-------- RECORDED DATA --------

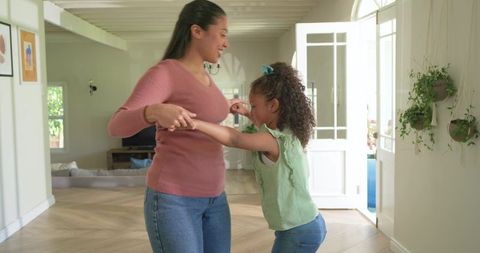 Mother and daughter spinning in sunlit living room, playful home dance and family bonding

--------
-------- RECORDED DATA --------

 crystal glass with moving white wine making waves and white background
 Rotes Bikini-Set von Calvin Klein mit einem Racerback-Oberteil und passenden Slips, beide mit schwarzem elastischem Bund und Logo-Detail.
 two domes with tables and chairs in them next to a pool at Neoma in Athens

--------

-- WHAT THE TASK REQUIRES --
Copy out, from the data above, each line where the string "with" is present.

-- EXERCISE RESULT --
 crystal glass with moving white wine making waves and white background
 two domes with tables and chairs in them next to a pool at Neoma in Athens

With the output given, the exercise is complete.